Caminho 2: Círculo de Talentos
Outro caminho para lidar com a subalocação seria a criação de um círculo de “Talentos”, ou uma ME dentro do modelo RenDanHeYi responsável por monitorar a alocação dos parceiros e oferecer um serviço de contratação para os demais círculos. Ele poderia ter uma estrutura como essa:
Círculo Talentos
Propósito: Contratações ágeis e benéficas a longo prazo, com alocação eficiente dos talentos internos.
Responsabilidades:
- Realizar processos seletivos, em parceria com o círculo contratante, para efetivar novas contratações
- Monitorar o percentual de alocação dos parceiros nos papéis e círculos
- Apresentar aos parceiros subalocados as oportunidades disponíveis em outros círculos
- Conectar parceiros que manifestem interesse em novos desafios com círculos que necessitam de seus talentos
- Conduzir desligamentos quando a realocação não for possível
As MEs que necessitem portanto de mais pessoas para os seus papeis acionariam esse círculo trazendo sua necessidade.
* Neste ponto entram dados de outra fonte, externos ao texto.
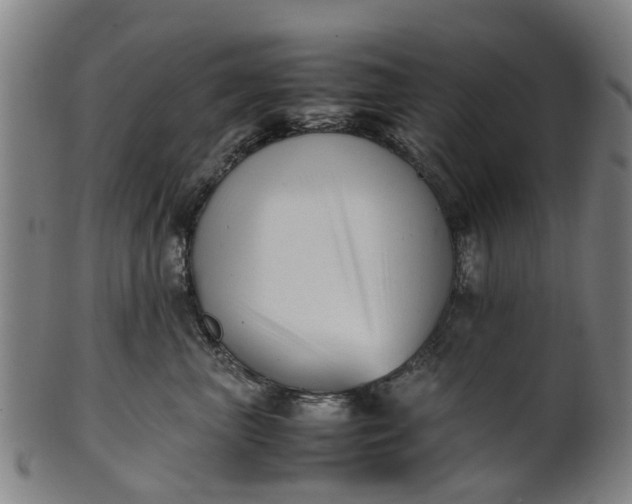 X0000101660667200807241419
Primeiro o círculo de talentos ofereceria os parceiros internos que estão subalocados, para só depois recrutar pessoas externas à organização. Esse serviço seria cobrado do círculo que tem a necessidade, respeitando as regras de responsabilidade financeira do modelo da Haier. Parceiros que ficassem subalocados por muito tempo seriam desligados pelo círculo, para evitar prejuízos para a organização.
Declaração de Valor Agregado
A Declaração de Valor Agregado é uma ferramenta financeira desenvolvida pela Haier para superar as limitações das demonstrações financeiras tradicionais. Ela inclui elementos como recursos dos usuários, parceiros internos e externos, lucros obtidos, receitas e custos, ganhos marginais.
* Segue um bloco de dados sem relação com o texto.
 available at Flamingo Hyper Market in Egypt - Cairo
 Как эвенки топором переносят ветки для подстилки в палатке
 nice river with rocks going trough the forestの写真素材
Para que cada ME fosse responsável por produzir sua própria declaração de valor agregado, poderíamos adicionar a responsabilidade correspondente nos círculos:
- Elaborar e atualizar regularmente a declaração de valor agregado
- Monitorar e reportar o desempenho financeiro e de criação de valor das MEs dentro do EMC
Monitoramento e Exclusão de EMCs e MEs
Para manter a saúde financeira do ecossistema, podemos criar um papel no círculo que contém os EMCs:
Papel: “Auditor de Ecossistema”
Propósito: Ecossistema organizacional saudável financeiramente
Responsabilidades:
- Monitorar as declarações de valor agregado de todos os EMCs e MEs
- Propor a exclusão ou reestruturação de EMCs que não estejam financeiramente sustentáveis
- Avaliar e recomendar ações para MEs que não estejam contribuindo adequadamente para o valor do ecossistema
Conclusão
A adaptação do modelo RenDanHeYi da Haier utilizando a estrutura da Organização Orgânica (O2) demonstra a flexibilidade e adaptabilidade da O2 como uma tecnologia social. É importante ressaltar que todas as adaptações propostas foram realizadas sem a necessidade de alterar os meta-acordos originais da O2.
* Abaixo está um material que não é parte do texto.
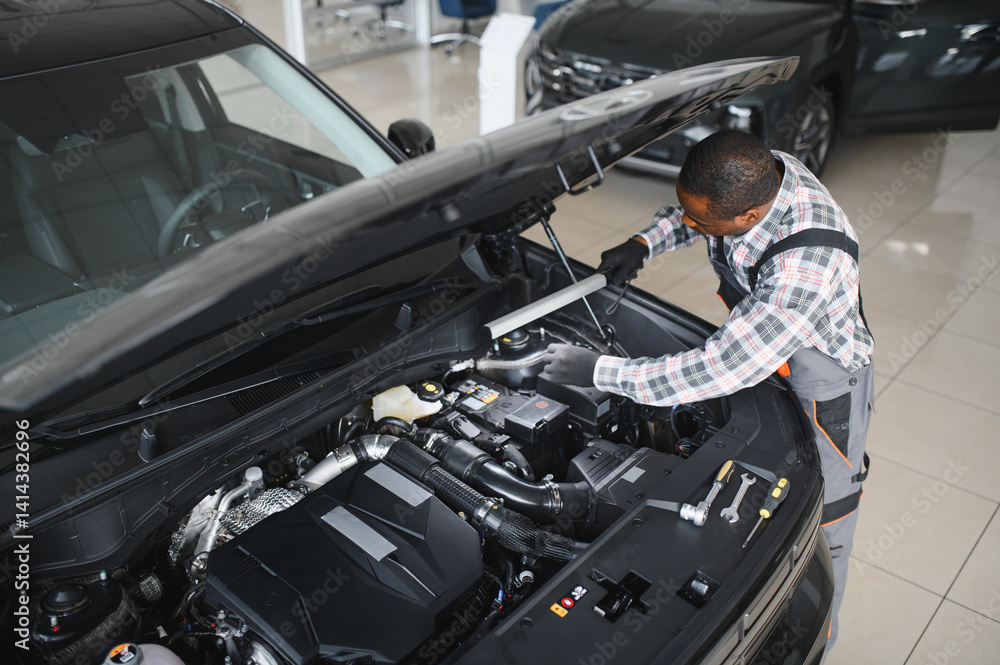 Poster auto mechanic performing a routine service inspection in a service garage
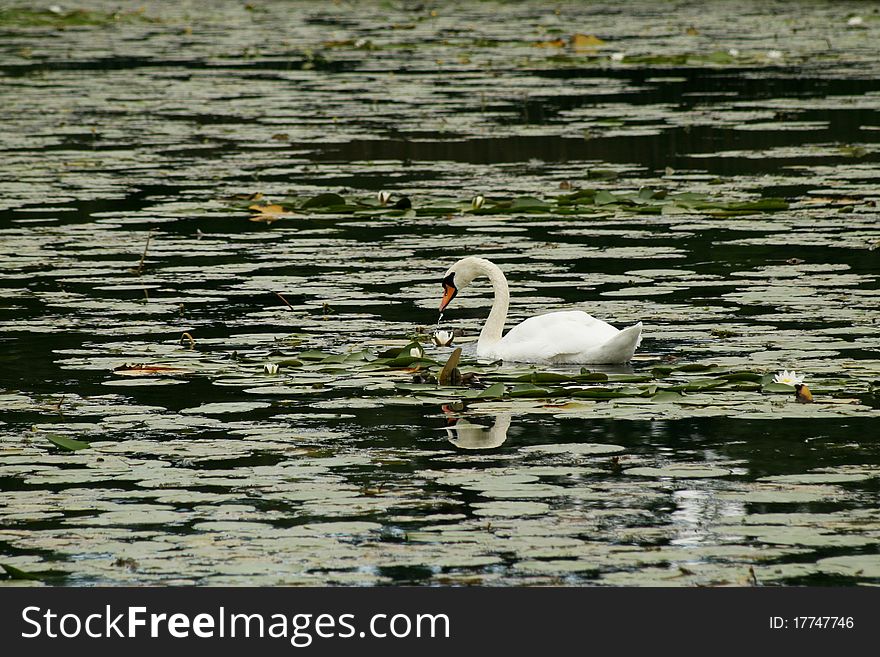 Swan In The Lake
Nesse exercício de imaginação, conseguimos replicar todos os elementos fundamentais do RenDanHeYi – como as Microempresas (MEs), Comunidades Micro-Ecossistemas (EMCs) e a Declaração de Valor Agregado usando círculos, papéis e restrições da O2. Além disso podemos dizer que não só replicamos, mas aprimoramos o modelo em certos aspectos. A implementação proposta oferece vantagens como clareza estrutural, flexibilidade adaptativa, governança distribuída, responsabilidade financeira e uma gestão de talentos mais eficiente.
Esta abordagem permite que as organizações colham os benefícios do modelo RenDanHeYi – como agilidade, foco no cliente e inovação – enquanto aproveitam a estrutura clara e os processos bem definidos da O2. O resultado é um sistema organizacional que é ao mesmo tempo robusto e altamente adaptável, capaz de evoluir continuamente em resposta às mudanças internas e externas.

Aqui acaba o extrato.